You are viewing a plain text version of this content. The canonical link for it is here.
Posted to dev@arrow.apache.org by Niklas B <ni...@enplore.com> on 2020/10/01 13:00:55 UTC

Using DNF-like filters on a (py)arrow Table already in memory (or probably: convert pyarrow table to UnionDataset)

Hi,

I have an in-memory dataset from Plasma that I need to filter before running `to_pandas()`. It’s a very text heavy dataset with a lot of rows and columns (only about 30% of which is applicable for any operation). Now I know that you use DNF filters to filter a parquet file before reading to memory. I’m now trying to do the same for my pa.Table that is already in memory. https://issues.apache.org/jira/browse/ARROW-7945 <https://issues.apache.org/jira/browse/ARROW-7945> indicates that should be possible to unify datasets after constructions, but my arrow skills aren’t quite there yet. 

> […]
> [data] = plasma_client.get_buffers([object_id], timeout_ms=100)
> buffer = pa.BufferReader(data)
> reader = pa.RecordBatchStreamReader(buffer)
> record_batch = pa.Table.from_batches(reader)

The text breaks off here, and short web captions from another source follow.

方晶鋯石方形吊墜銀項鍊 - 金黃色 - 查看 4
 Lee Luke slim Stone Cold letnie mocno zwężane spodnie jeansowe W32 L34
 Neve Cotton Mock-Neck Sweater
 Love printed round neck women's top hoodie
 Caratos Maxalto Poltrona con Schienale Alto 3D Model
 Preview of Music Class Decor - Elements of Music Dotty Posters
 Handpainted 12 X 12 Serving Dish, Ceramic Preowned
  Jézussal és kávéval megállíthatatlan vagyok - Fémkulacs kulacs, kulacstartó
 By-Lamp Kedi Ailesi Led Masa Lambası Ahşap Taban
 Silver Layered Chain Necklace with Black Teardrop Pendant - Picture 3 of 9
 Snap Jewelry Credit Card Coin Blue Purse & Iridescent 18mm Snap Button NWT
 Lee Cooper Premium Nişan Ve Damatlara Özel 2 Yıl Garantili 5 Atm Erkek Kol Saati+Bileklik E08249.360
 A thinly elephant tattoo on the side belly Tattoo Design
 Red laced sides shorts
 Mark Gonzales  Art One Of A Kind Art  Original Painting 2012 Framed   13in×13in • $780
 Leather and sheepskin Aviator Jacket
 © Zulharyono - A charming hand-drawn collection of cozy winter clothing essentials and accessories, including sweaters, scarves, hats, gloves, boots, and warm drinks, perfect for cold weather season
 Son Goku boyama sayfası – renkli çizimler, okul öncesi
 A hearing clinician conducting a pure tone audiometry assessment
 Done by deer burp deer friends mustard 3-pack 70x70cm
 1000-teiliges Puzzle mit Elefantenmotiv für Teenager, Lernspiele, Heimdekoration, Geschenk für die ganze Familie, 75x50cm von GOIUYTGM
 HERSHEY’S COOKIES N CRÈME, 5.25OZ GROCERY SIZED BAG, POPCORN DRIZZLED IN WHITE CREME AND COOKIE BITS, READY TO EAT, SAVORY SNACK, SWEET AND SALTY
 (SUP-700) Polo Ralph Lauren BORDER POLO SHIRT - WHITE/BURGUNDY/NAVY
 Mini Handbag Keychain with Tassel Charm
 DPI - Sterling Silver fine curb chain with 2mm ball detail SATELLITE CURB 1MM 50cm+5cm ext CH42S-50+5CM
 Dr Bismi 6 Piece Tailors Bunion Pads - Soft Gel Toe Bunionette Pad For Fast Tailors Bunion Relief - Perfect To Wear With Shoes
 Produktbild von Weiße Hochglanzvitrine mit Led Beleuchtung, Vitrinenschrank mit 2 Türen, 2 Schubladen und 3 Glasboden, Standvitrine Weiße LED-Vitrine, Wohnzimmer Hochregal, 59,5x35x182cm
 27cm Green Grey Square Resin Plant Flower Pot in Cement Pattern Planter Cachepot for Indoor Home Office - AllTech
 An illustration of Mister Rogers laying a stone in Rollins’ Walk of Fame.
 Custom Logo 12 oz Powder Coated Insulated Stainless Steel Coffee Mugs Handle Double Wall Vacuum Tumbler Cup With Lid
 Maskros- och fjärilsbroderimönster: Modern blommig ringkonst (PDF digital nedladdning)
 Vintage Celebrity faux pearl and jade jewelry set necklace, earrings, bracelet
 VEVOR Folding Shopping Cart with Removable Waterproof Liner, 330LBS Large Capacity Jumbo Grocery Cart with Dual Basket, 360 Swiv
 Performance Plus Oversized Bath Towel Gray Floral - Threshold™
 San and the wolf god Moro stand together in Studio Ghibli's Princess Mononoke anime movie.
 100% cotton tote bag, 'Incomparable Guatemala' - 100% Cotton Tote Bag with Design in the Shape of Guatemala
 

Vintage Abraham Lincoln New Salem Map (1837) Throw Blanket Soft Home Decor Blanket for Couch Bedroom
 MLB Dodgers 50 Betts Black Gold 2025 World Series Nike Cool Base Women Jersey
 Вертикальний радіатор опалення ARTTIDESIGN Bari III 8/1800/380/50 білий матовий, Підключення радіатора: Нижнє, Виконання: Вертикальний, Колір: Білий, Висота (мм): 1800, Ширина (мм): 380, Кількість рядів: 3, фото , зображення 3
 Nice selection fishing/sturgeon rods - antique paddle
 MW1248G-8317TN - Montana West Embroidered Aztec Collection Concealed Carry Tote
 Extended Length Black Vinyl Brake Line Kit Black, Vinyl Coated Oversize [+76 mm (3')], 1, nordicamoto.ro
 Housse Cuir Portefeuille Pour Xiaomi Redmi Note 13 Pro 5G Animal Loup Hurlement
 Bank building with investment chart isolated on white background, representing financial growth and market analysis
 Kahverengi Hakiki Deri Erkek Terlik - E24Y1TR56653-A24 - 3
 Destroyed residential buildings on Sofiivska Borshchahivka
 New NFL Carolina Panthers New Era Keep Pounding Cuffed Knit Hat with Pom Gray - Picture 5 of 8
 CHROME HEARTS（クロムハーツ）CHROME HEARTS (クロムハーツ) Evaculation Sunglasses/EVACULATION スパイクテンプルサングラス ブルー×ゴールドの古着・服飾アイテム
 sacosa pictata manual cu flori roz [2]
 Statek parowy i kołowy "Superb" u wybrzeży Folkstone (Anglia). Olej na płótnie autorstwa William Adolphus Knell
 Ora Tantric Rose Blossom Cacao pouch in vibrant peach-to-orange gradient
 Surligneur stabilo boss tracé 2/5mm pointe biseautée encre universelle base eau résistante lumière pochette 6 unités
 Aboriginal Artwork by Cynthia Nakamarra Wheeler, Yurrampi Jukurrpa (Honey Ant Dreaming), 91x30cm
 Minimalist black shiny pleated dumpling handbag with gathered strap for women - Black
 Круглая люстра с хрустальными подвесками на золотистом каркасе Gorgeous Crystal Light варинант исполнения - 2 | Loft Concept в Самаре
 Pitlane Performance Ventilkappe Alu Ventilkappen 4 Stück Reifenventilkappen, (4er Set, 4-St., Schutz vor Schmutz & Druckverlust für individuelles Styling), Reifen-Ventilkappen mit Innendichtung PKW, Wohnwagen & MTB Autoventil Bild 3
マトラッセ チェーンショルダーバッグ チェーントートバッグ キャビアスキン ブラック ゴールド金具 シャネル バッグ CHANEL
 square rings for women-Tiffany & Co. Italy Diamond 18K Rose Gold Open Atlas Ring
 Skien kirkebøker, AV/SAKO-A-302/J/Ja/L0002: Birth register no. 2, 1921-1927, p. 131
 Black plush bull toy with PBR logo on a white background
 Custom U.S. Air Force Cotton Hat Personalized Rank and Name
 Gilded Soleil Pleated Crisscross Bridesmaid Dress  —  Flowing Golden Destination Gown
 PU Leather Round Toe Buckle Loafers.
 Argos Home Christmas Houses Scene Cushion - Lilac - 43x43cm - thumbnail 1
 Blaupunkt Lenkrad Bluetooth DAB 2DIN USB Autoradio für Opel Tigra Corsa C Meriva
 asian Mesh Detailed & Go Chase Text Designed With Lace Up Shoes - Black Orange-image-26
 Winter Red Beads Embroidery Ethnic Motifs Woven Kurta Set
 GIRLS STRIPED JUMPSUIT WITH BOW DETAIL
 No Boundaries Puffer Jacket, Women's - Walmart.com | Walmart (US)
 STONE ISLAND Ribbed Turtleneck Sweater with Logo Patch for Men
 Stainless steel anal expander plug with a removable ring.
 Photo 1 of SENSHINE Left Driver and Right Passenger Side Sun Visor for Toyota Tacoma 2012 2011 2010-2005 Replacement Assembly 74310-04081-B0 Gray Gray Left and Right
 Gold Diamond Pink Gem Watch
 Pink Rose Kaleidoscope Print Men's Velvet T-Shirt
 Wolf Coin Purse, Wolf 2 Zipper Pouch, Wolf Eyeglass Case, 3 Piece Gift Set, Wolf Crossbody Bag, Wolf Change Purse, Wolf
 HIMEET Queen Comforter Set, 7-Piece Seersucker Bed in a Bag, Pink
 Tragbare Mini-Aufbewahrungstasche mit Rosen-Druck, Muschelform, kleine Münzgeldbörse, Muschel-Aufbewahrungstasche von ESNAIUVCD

I’ve been reading up on Dataset, UnionDataset and how the ParquetDataset does it (http://arrow.apache.org/docs/_modules/pyarrow/parquet.html#ParquetDataset <http://arrow.apache.org/docs/_modules/pyarrow/parquet.html#ParquetDataset>). My thinking is that if I can cast my table to a UnionDataset I can use the same _filter() code as ParquetDataset does. But I’m not having any luck with my (albeit very naive) approach:

> >>> pyarrow.dataset.UnionDataset(table.schema, [table])

But that just gives me:

> Traceback (most recent call last):
>   File "<stdin>", line 1, in <module>
>   File "pyarrow/_dataset.pyx", line 429, in pyarrow._dataset.UnionDataset.__init__
> TypeError: Cannot convert pyarrow.lib.Table to pyarrow._dataset.Dataset


I’m guessing somewhere deep in https://github.com/apache/arrow/blob/master/python/pyarrow/tests/test_dataset.py <https://github.com/apache/arrow/blob/master/python/pyarrow/tests/test_dataset.py> shows an example on how to make a Dataset out of a table, but I’m not finding it.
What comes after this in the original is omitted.